The answer can be obtained by solving the shortest path problem with (current station, last used company) at the top.

In this solution, the number of vertices is at most O(M). Because it is the best to reach each station

The number of types of companies used later is the maximum number of lines departing from the station. Total this number The total at all stations is only a constant multiple of the number of lines.

However, if you do not set up the edges efficiently, the number of edges will be O(M2 ) And so on Execution will not end in time.

For example, the number of edges can be O(N + M) at most if you use the following method.

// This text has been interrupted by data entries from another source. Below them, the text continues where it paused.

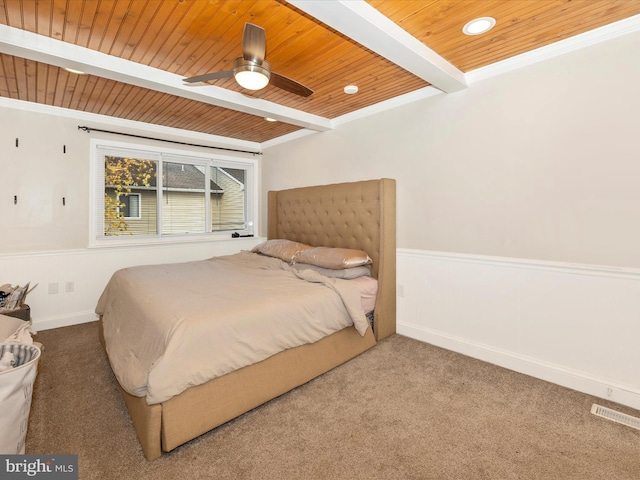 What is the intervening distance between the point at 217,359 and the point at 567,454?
77.1 inches

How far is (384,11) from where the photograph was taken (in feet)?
6.14

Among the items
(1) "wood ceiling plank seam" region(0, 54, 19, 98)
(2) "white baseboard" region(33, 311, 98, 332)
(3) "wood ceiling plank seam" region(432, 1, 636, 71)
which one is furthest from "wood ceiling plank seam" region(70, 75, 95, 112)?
(3) "wood ceiling plank seam" region(432, 1, 636, 71)

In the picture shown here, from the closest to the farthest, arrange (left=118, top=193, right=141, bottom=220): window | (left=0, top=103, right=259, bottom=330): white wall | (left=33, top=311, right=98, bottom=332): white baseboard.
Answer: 1. (left=0, top=103, right=259, bottom=330): white wall
2. (left=33, top=311, right=98, bottom=332): white baseboard
3. (left=118, top=193, right=141, bottom=220): window

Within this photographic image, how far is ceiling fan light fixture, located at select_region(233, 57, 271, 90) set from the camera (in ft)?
6.08

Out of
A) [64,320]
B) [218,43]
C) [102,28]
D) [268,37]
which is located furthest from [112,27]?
[64,320]

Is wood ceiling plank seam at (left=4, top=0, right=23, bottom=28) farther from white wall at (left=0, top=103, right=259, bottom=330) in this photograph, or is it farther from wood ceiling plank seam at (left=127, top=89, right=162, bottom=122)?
white wall at (left=0, top=103, right=259, bottom=330)

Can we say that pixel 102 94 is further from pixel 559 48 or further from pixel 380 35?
pixel 559 48

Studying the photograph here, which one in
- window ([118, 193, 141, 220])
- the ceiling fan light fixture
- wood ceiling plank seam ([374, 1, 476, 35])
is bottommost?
window ([118, 193, 141, 220])

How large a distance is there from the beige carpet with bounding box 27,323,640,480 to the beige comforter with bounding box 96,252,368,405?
355 mm

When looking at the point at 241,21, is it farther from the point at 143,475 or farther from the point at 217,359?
the point at 143,475

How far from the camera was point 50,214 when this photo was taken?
11.7ft

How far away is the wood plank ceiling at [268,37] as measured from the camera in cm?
186

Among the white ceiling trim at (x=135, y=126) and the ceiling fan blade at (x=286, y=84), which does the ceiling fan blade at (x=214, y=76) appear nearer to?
the ceiling fan blade at (x=286, y=84)

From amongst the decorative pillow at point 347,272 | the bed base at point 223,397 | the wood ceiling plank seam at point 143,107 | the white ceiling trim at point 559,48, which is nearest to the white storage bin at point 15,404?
the bed base at point 223,397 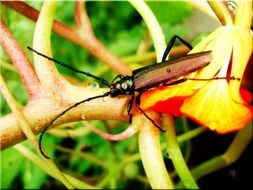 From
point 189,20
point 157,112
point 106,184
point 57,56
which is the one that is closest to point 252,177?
point 106,184

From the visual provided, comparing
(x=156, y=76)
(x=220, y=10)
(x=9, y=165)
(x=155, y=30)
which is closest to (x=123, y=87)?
(x=156, y=76)

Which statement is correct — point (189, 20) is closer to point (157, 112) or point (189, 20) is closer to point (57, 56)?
point (57, 56)

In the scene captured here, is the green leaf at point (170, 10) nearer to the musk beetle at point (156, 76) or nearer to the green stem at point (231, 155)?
the musk beetle at point (156, 76)

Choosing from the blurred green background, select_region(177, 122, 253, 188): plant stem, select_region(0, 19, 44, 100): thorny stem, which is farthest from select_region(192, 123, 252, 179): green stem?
select_region(0, 19, 44, 100): thorny stem

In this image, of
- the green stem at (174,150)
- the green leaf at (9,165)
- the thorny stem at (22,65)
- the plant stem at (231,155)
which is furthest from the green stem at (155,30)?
the green leaf at (9,165)

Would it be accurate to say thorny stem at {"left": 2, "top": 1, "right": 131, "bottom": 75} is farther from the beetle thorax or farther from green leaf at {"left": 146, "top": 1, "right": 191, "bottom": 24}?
green leaf at {"left": 146, "top": 1, "right": 191, "bottom": 24} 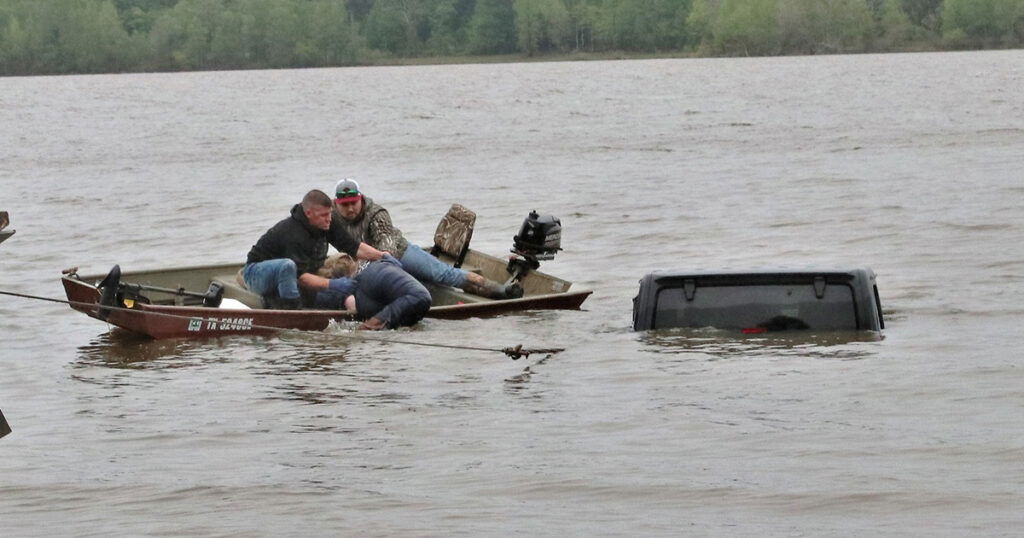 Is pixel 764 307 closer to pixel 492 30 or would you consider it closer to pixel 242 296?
pixel 242 296

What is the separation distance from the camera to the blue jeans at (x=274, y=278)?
14.4 metres

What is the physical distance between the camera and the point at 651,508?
8.86m

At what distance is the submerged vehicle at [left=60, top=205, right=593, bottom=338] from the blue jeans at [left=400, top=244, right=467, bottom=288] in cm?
14

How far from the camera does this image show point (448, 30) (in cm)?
18162

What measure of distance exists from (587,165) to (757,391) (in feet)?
91.5

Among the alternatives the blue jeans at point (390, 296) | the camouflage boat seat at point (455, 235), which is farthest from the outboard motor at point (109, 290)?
the camouflage boat seat at point (455, 235)

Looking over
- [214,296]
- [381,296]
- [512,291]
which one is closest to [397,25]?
[512,291]

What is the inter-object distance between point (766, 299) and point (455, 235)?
4.79 meters

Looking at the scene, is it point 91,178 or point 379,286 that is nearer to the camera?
point 379,286

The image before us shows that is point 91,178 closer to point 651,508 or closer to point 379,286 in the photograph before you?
point 379,286

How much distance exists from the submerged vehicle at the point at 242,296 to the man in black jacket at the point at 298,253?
252 millimetres

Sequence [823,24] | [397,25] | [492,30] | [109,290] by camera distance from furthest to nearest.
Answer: [492,30]
[397,25]
[823,24]
[109,290]

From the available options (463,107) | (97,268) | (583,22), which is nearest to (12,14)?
(583,22)

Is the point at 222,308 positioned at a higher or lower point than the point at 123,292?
lower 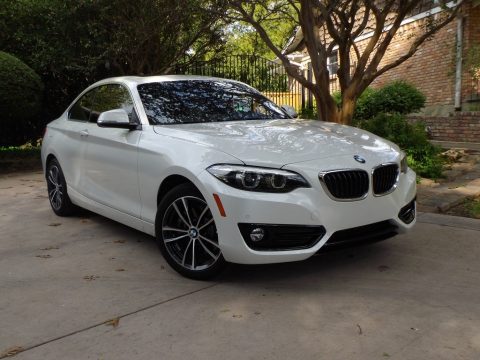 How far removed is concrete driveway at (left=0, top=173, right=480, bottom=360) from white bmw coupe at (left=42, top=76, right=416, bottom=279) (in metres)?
0.33

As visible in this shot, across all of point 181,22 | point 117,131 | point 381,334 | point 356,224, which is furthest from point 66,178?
point 181,22

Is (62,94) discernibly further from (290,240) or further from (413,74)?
(290,240)

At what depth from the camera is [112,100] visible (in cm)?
551

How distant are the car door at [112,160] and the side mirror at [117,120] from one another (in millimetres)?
92

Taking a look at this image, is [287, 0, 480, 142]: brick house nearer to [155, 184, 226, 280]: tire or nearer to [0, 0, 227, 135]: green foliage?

• In case of transferring to the route of the same company, the 0-length side is used for all routes. Stretch to the destination of

• As an alternative to the case of transferring to a route of a different company, the apex of (current station, −1) Stretch a zero-length side so that you can move to. (Image of going out from the ticket gate)

From the top of (current station, −1), set a length of 1 to the destination for all company routes (image of entering the ticket gate, new fee will be charged at this point).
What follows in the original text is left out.